The New York Times
April 08, 2003
Joseph B. Treaster
Holocaust Survivors' Insurance Ordeal
While living on relief agency handouts, Jack Weiss, his sister and three brothers—all survivors of Holocaust era concentration camps—remembered that their father, who was killed at Auschwitz, had purchased a life insurance policy from a large Italian insurance company, Assicurazioni Generali. In late 1945, Weiss and his siblings contacted the insurance company to file a claim, when they were unable to produce documentation of the policy and or death of their father—their claim was denied.
Nearly 60 years later, Weiss and seven other Holocaust survivors have enlisted the services of attorney William M. Shernoff to represent them in their lawsuits filed against Generali for full payment on their policies. Shernoff estimates the value of the policies to be worth hundreds of thousands of dollars each.

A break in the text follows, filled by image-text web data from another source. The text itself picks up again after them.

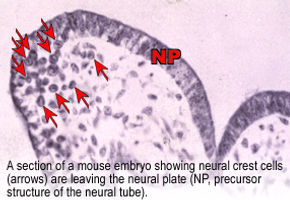 Early Development of the Nervous System | Home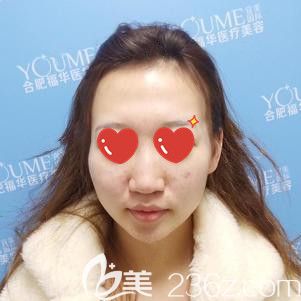 凹陷的面部和太阳穴 凹陷的面部和太阳穴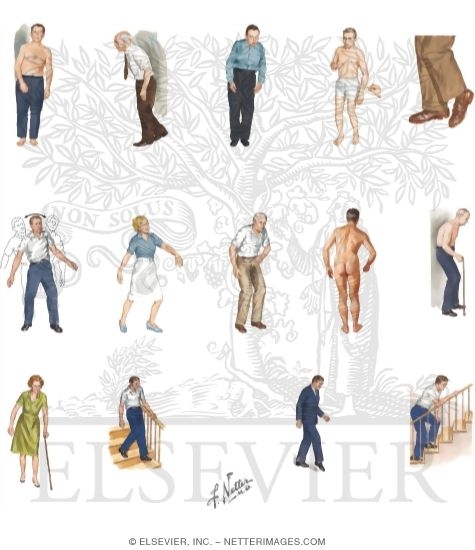 Gait Disorder Characteristics and Etiology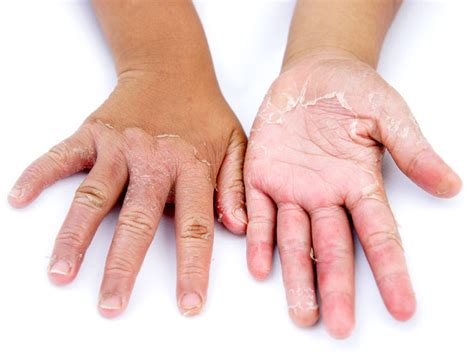 Ichthyosis Vulgaris Causes Symptoms And Diagnosis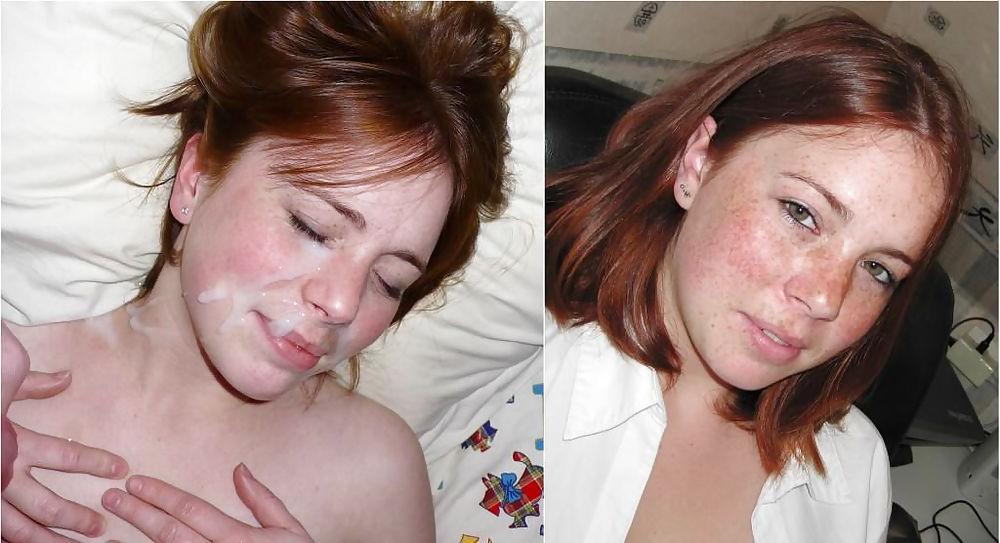 22P Before and After Facials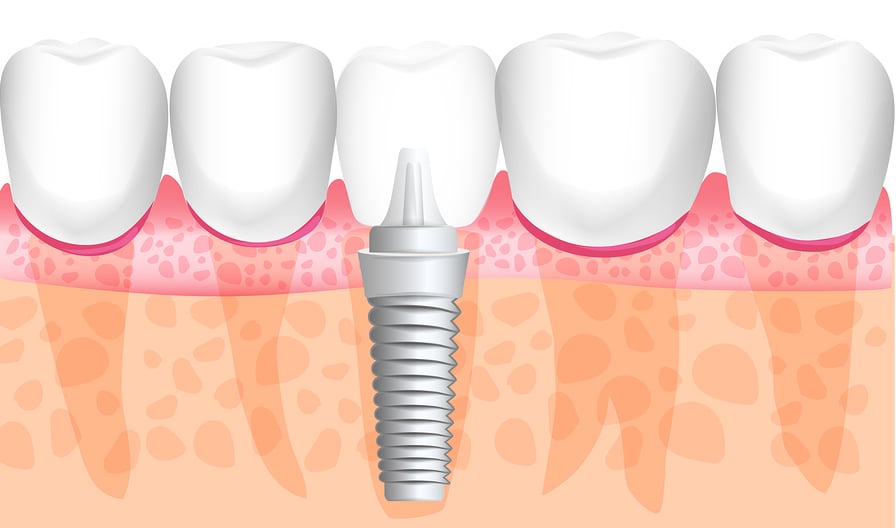 dental implant screwed into jaw bone graft in mouth teeth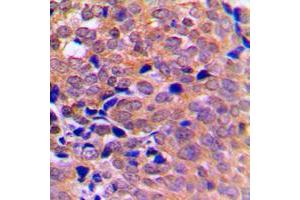 Immunohistochemical analysis of AMPK alpha 1/2 staining in human breast cancer formalin fixed paraffin embedded tissue section. (PRKAA1/PRKAA2 antibody  (Center))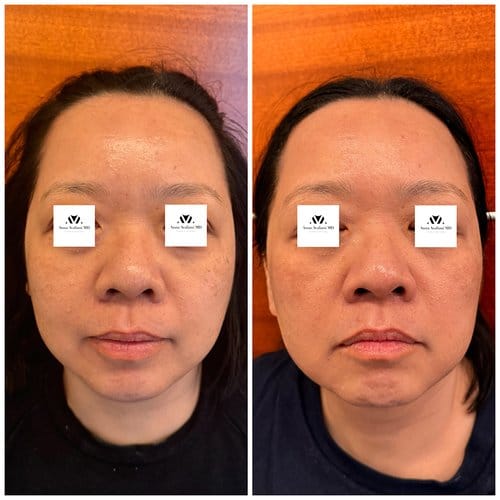 PicoSure / Laser Skin Rejuvenation before and after, result 2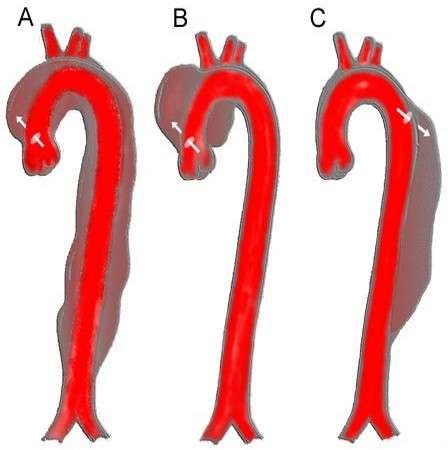 Aortic dissection Ascending aortic dissection : High risk of sudden death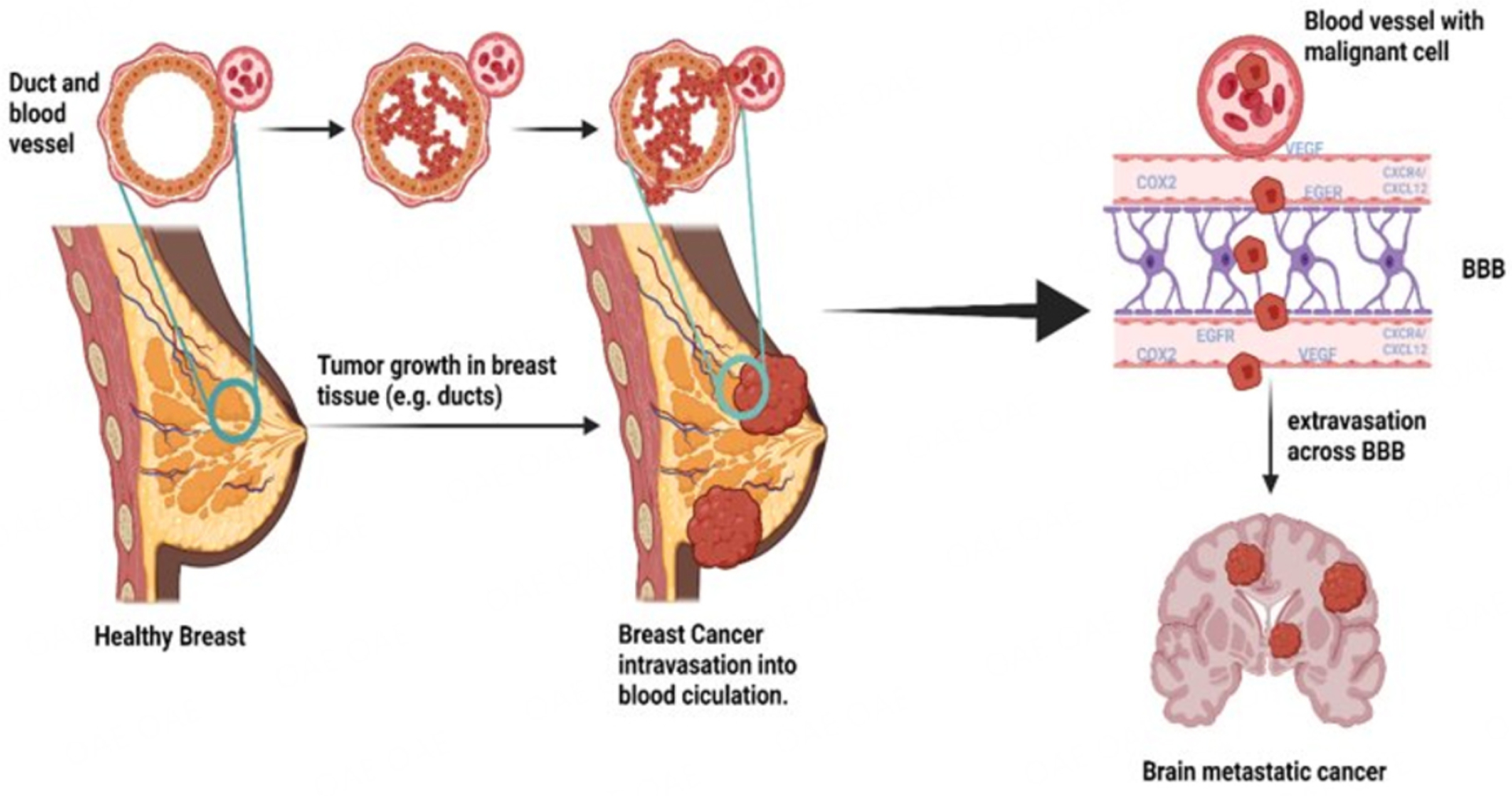 Advanced breast cancer metastasized in the brain: treatment standards and innovations.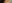裏ハムラ法（経結膜的眼窩脂肪移動術） — ジャスト美容外科クリニック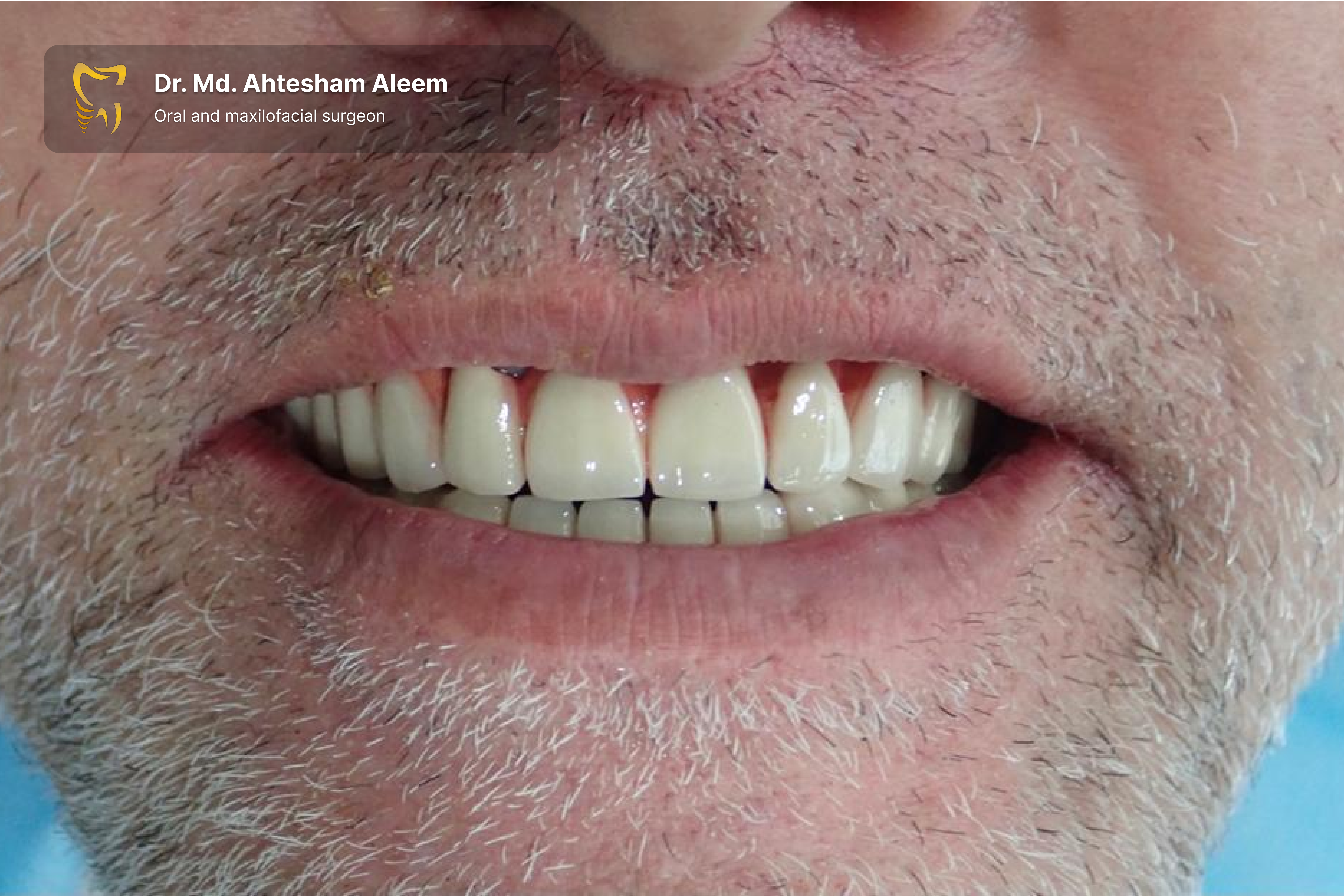 Full Mouth Rehabilitation with Dental Implants Gallery 9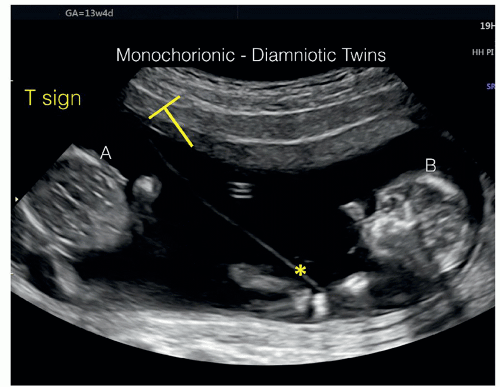 Congratulations, you're having a baby! Multiple Pregnancies In The First Trimester Radiology Key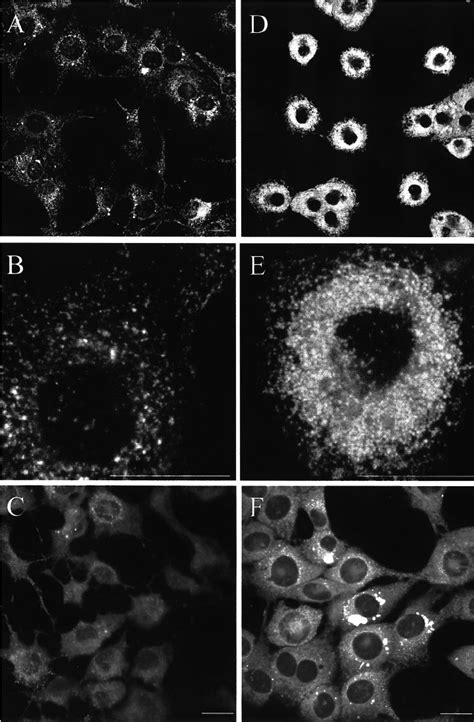 LysoTracker Red labeled C127 control cells ( a ± c ) and E5 transfected ...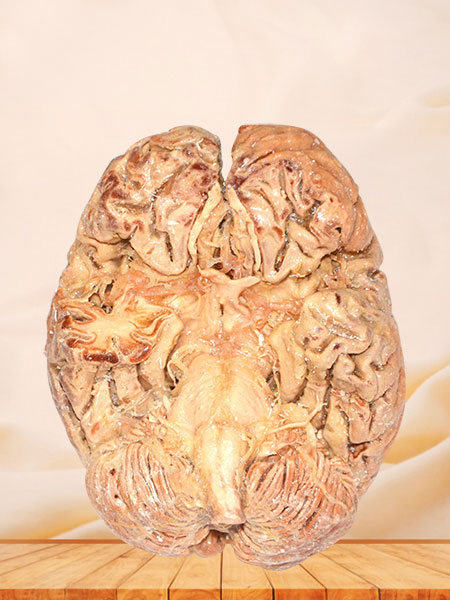 Arteries of base of brain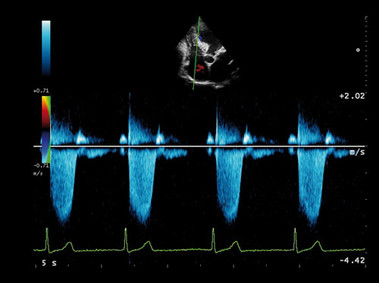 Clinical Image - MyLab<sup>™</sup>Alpha - Heart (CW Doppler Imaging)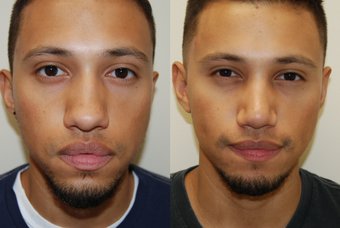 Rhinoplastie Tunisie prix pas cher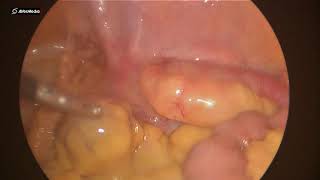 10032021 Laparoscopic Appendectomy for Acute Plastron Appendicitis 1252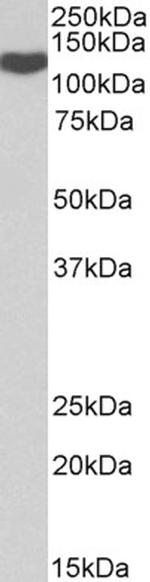 ADAM19 Antibody in Western Blot (WB)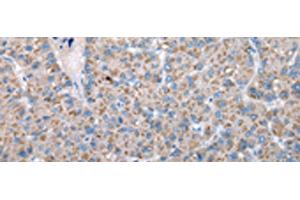 Immunohistochemistry of paraffin-embedded Human liver cancer tissue using FKBPL Polyclonal Antibody at dilution of 1:50(x200) (FKBPL antibody)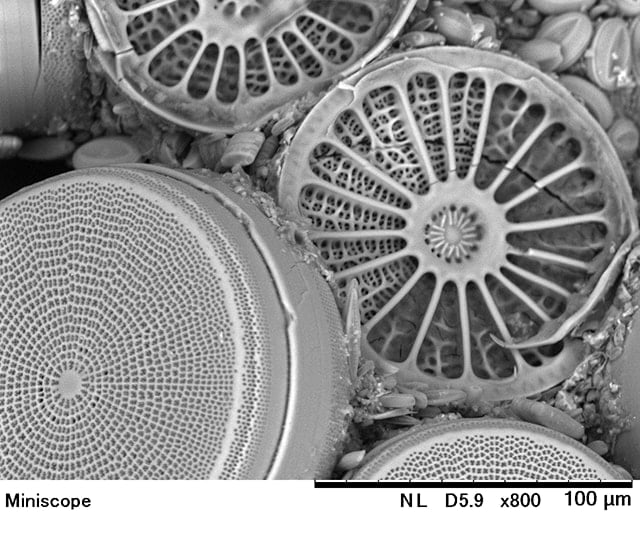 児童が観察した珪藻の電子顕微鏡写真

Over the years, Generali has maintained that it is not liable for these policies, mostly because their assets were seized by Nazis who demanded payment. Generali also claims their operations in Czechoslovakia were nationalized in May of 1945, before Weiss says his family was refused for lack of documentation.
Czechoslovakian economist Tomas Jelinek said the nationalization of insurance companies in his country didn’t happen until procedures were published in October of 1946.